Thanks for the response - and all the previous convos we’ve had on related material.

There should be multiple oversight committees. It could be one per DAO, or multiple DAOs could use the same one, but it shouldn’t be the same people overseeing all DAOs

I agree this is optimal. But it’ll be tough to find the right people for many different jobs that are both qualified and lack conflict of interests. Who are some people you’d nominate ?

Oversight committees should have their own voice, separate from the DAOs they are tasked to evaluate. They would be responsible to produce regular reports on the performance of the DAO and they could use the social media channels of the Cosmos Hub to publish them

I think this is a great idea.

The votes of all committee members should be public, ideally on-chain. The community should be able to access the voting history of any particular member very easily

Also agree.

It should be straightforward to remove specific people from any oversight committee. Other committee members should be able to vote on that, and the community as well

In fact, the expectation should be that the oversight committee will change over time so that only the most engaged members stay on

Agree again. Check out Tom’s ideas on this.

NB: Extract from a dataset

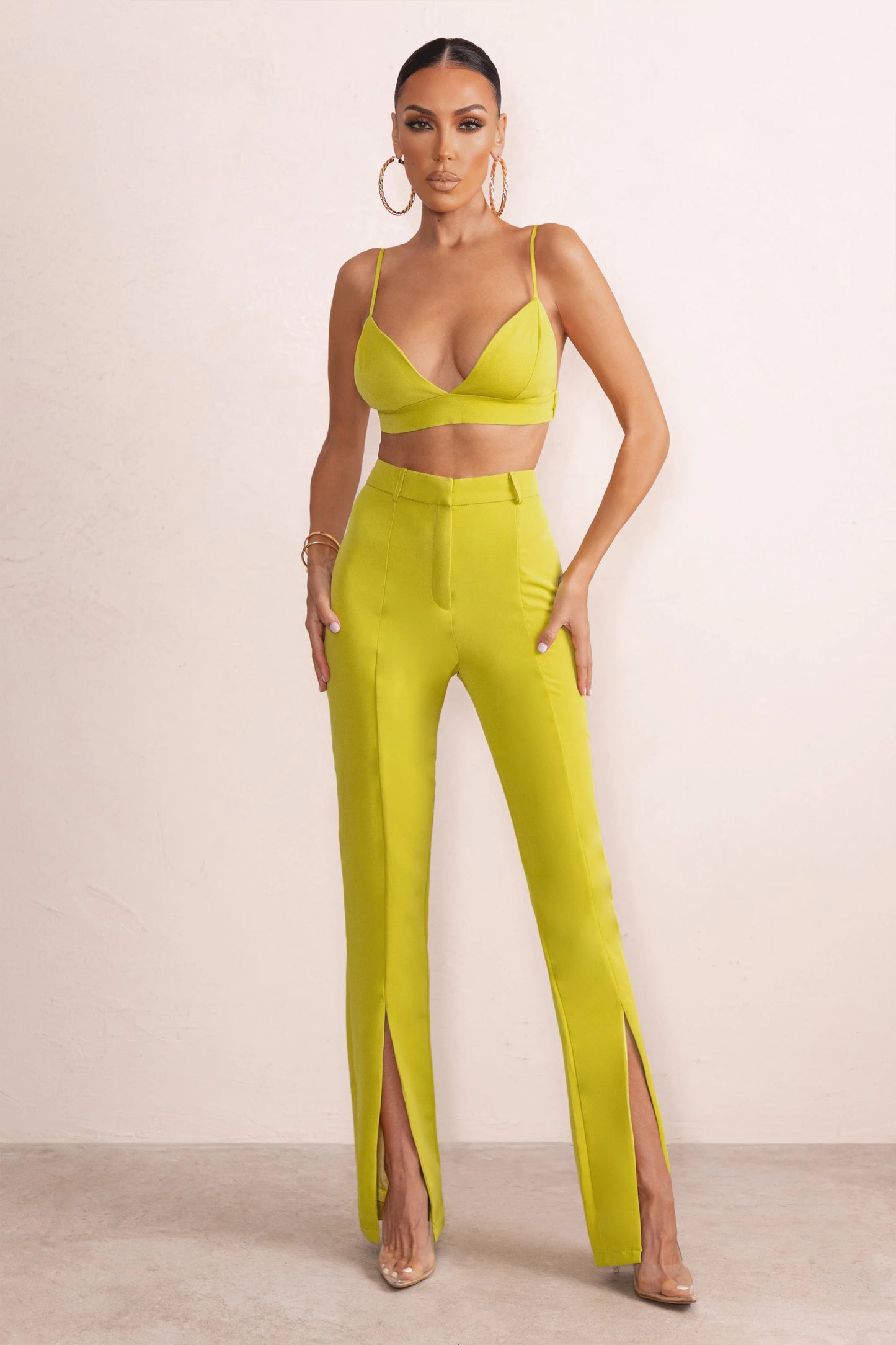 Checked Out | Yellow Split Front Pants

I’ll also note that committees are not a silver bullet. The ICF had to discontinue its TAB pretty quickly. We should only use them when we cannot rely on free market incentives to do the job.

I’d love to get @crainbf, Maria and other ICF / advisory board member’s thoughts to learn more on why this it was disbanded. The post you linked is not particularly specific so it’s hard to say what about oversight committees we can learn from to avoid this time around.

Also happy to hop on a call with @crainbf, Maria, or any other ICF / TAB representatives if that’s easier.